Currently, over 39,000 companies use Kafka for their event streaming needs, a 7.24% increase in adoption from 2021. These companies include eBay, Netflix, Target, amongst others. Apache Kafka is fast, can process millions of messages daily, and is highly scalable with high throughput and low latency.

However, because Kafka was built on Java and Scala, Python engineers found it challenging to process data and send it to Kafka Streams. This challenge led to the development of the kafka-python client, which enables engineers to process Python in Kafka. This article introduces Kafka, its benefits, setting up a Kafka cluster, and stream processing with kafka-python.

Essential Kafka concepts

Some essential concepts you’ll need to know for streaming Python with Kafka include:

Topics

Topics act as a store for events. An event is an occurrence or record like a product update or launch. Topics are like folders with files as the events. Unlike traditional messaging systems that delete messages after consumption, Kafka lets topics store events for as long as defined in a per-topic configuration. Kafka topics are divided into partitions and replicated across multiple replicas in brokers so that various consumers can consume these topics simultaneously without affecting throughput.

Producers

Producers refer to applications that publish messages to Kafka. Kafka decouples producers from consumers, which helps with scalability. With Kafka, producers need only post messages, with no concern for how Kafka handles these topics.

Consumers

Consumers consume the topics produced by the producers.

Clusters

A cluster refers to a collection of brokers. Clusters organize Kafka topics, brokers, and partitions to ensure equal workload distribution and continuous availability.

Brokers

Brokers exist within a cluster. A cluster contains one or more brokers working together. A single broker represents a Kafka server.

Zookeeper

A zookeeper acts as the record that stores information about a Kafka cluster. It houses information like user info, naming configuration, and access control lists for topics.

Partition

Brokers contain one or more partitions. Each partition holds a topic replicated across other partitions in the brokers. There exists a leader partition, which coordinates writes to a topic. If the leader fails, the replica takes over. This principle of partitioning across brokers helps make Kafka fault-tolerant.

Kafka provides three primary services to its users:

  • Publish messages to subscribers
  • Message store while storing in order of arrival
  • Perform analysis of real-time data streams

Benefits of Apache Kafka

Fault tolerance and high availability

In Kafka, a replication factor specifies the number of copies of partitions needed for a topic. In the event of a node failure in one broker, replicas in other partitions pick up the load and ensure messages get delivered. This feature helps ensure fault tolerance and high availability.

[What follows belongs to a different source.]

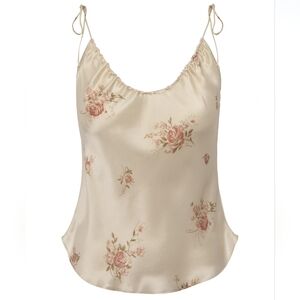 Reformation 100% Silk Strappy Top, Floral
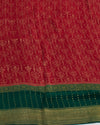 Maroon & Green Crepe silk Saree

High throughput and low-latency

Kafka ensures high throughput and low latency of as low as 2ms while handling high volume and high-velocity data streams.

Scalability and reliability

The decoupled and independent nature of producers and consumers makes it easier to scale Kafka seamlessly. Additionally, nodes within a cluster can be scaled up/down to accommodate growing demands.

Real-time data streaming and processing

Kafka can quickly identify data changes by utilizing change data Capture(CDC) approaches like triggers and logs. This method helps reduce compute load whereby traditional batch systems load the data each time to identify changes. Kafka also performs aggregations, joins and other data processing methods on event streams.

Ease of integration through multiple connections

Kafka uses its unique connectors to connect and integrate with multiple event sources and sinks like ElasticSearch, AWS S3 and Postgres.

Setting up a Kafka instance

A Kafka instance represents a single broker in a cluster. Let’s set up Kafka on our local machine and create a Kafka instance.

1. Download Kafka and extract the folder.

Note: You must have java8+ installed to use Kafka.

2. Navigate to the Kafka folder.
3. Start the zookeeper service.
This is the result:
4. Open another terminal session and start the broker service.
This starts up a single broker server. Our broker uses localhost:9092 for connections.

Create a Kafka topic

To publish messages to consumers, we need to create a topic to store our messages.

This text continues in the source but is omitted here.